Where's the council taxpayers' money going? Croydon's controlling group are reluctant to let anyone know
Croydon Council has had to launch a second financial bailout of its £450 million joint venture in the building of Town Hall offices and other possible speculative developments around Croydon.
At the end of 2009 when the credit crunch struck and City money ran away as fast as it could from private equity deals, Laing, the developers building the office block that is supposed to replace Taberner House, persuaded their friends on Croydon Council to take out a £145 million overdraft to fund the scheme.
This week, the councillors in charge of Croydon were forced to recognise the financial disaster facing them following that speculation in the private development market that has put millions of pounds of Croydon council-taxpayers’ money at risk.
Although the housing market was already struggling in 2007 and 2008, this week an official council report “notes a decline in residential markets during 2010, stabilising in 2011 and prediction of future growth between 2013 and 2015″.

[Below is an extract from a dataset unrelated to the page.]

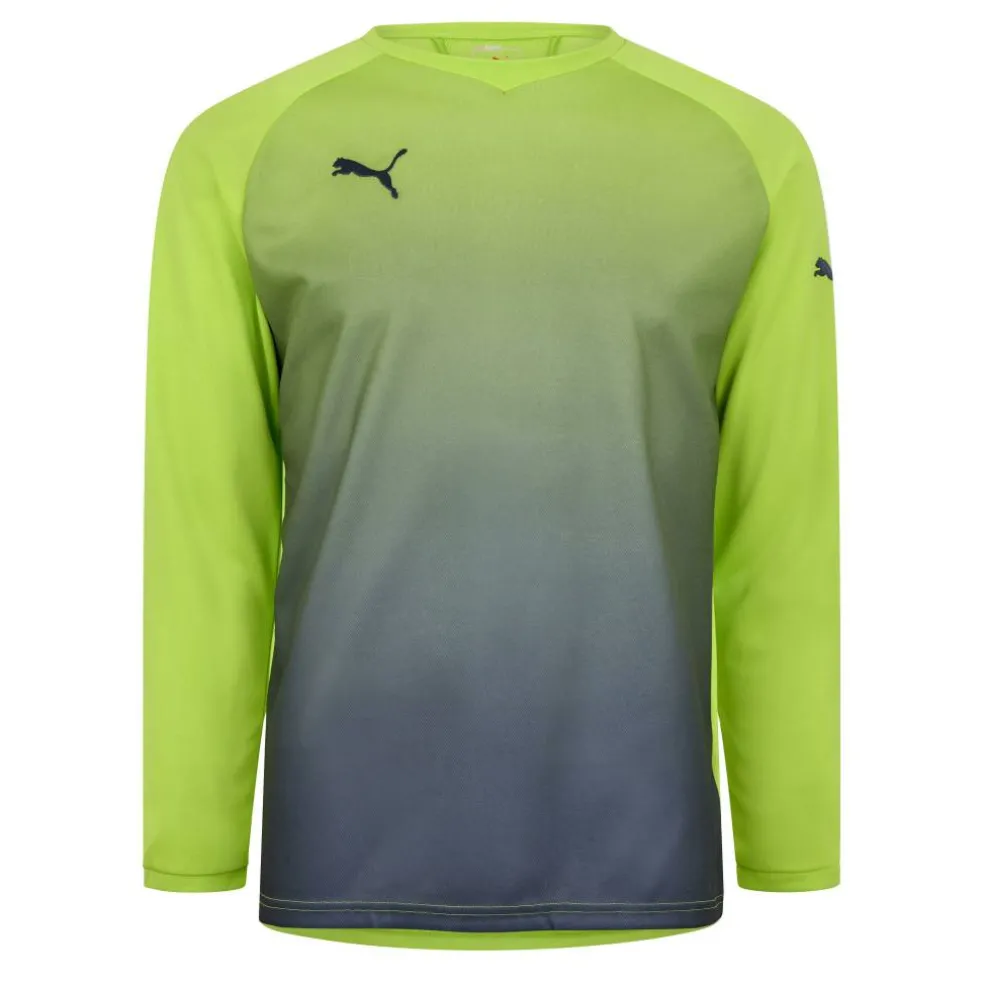 (P) Speed Gk Shirt Mens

Talking about the council’s Hub and other related CCURV schemes – regarded by many outside the Town Hall as nothing more than a Vanity Project – the report says that they now expect “a delay in the delivery of schemes until 2013 onwards, when markets are expected to improve”. That is not a view shared by many finance commentators in The City.

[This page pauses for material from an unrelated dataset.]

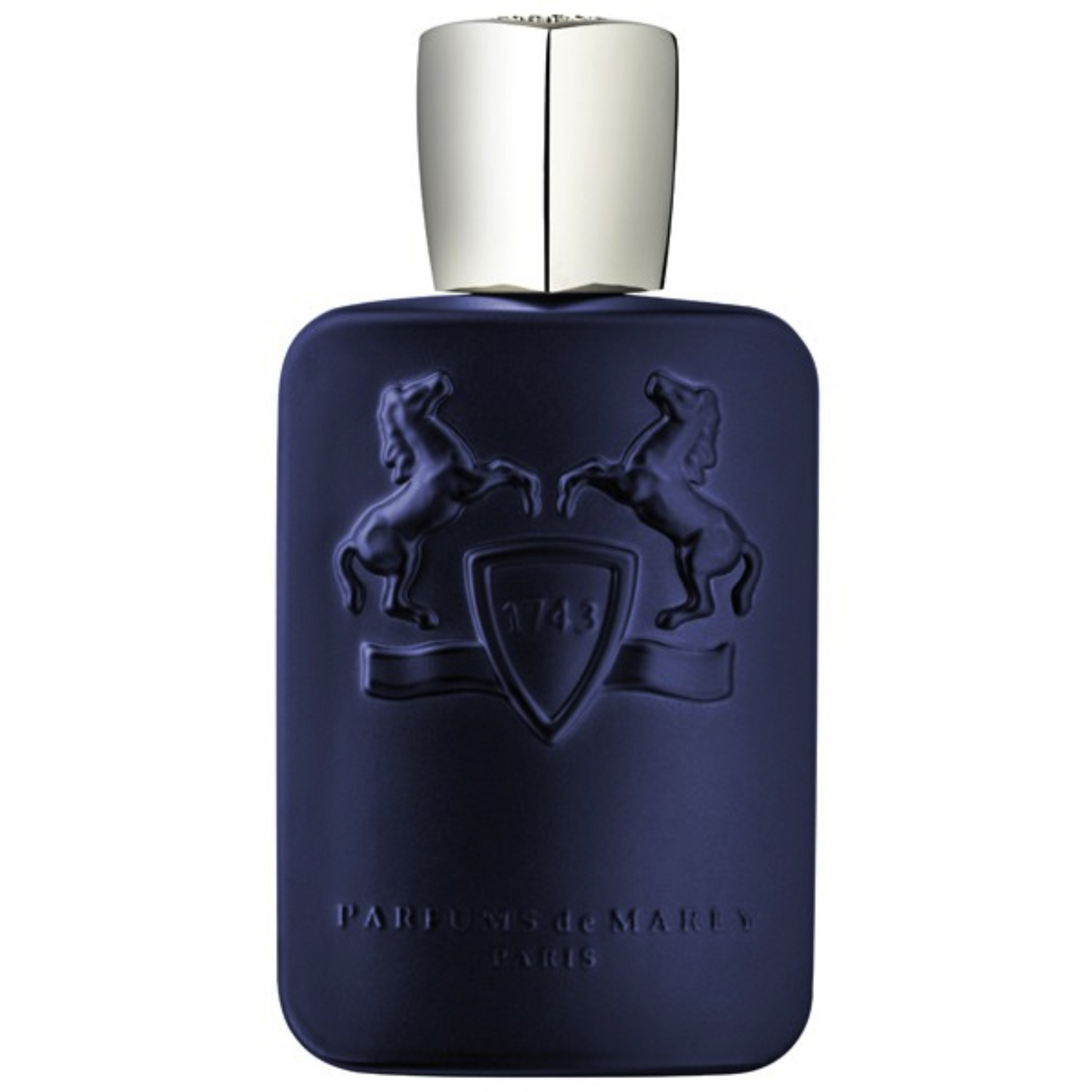Perfume Parfums de Marly Layton 200 ml EDP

So the speculation in the property market has not worked and now Croydon Council is to permit Laing, their development partner, to stop paying some of the interest on the money lent to them. The interest being charged is already a heavily subsidised rate, costing hard-pressed Croydon council-taxpayers hundreds of thousands of pounds a year.
With the economic crisis deepening, another bailout of its scheme will need to be sanctioned at the Council’s cabinet meeting next Monday.
Most of the papers relating to a decision likely to cost Croydon millions of pounds are being kept strictly private. On past form, they are likely to be denied to all Croydon’s elected councillors, with the exception of a handful among the ruling Conservative group’s cabinet – the very people that created this multi-million pound mess in the first place.
The lack of transparency on the deal can only further worry taxpayers that they are being roundly ripped-off.
To further bail out the scheme, the Council is having to put more publicly owned properties into the commercial joint venture.
Derelict council property at Cheriton House in Thornton Heath, now a makeweight to add value to Croydonl's £450m punt on the property market
Rees House, Morland Lodge, Brigstock Manor, the derelict Cheriton House, Coleby Court and Stroud Green Lodge are all to be thrown into the joint venture in a desperate attempt to keep the project going.
The Council has also announced in the paper that it will demolish Taberner House.
Tony Newman, leader of the opposition Labour group on the council, said, “We have always warned against playing high-stakes roulette with the council tax-payers’ money.
“The lack of transparency and hidden cash flows makes it hard to comment in any great detail. But the scheme seems too much like the type of so-called ‘financial wizardry’ that led to the fall of Lehman Brothers. It’s too risky a business for the council to be involved in.”